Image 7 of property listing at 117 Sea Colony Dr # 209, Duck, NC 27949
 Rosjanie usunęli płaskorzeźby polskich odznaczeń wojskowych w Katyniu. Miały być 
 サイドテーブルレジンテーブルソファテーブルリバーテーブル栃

- REQUIRED ACTION: The answer must be the full listing, written out word for word.

- RESPONSE:
Image 7 of property listing at 117 Sea Colony Dr # 209, Duck, NC 27949
 Rosjanie usunęli płaskorzeźby polskich odznaczeń wojskowych w Katyniu. Miały być 
 サイドテーブルレジンテーブルソファテーブルリバーテーブル栃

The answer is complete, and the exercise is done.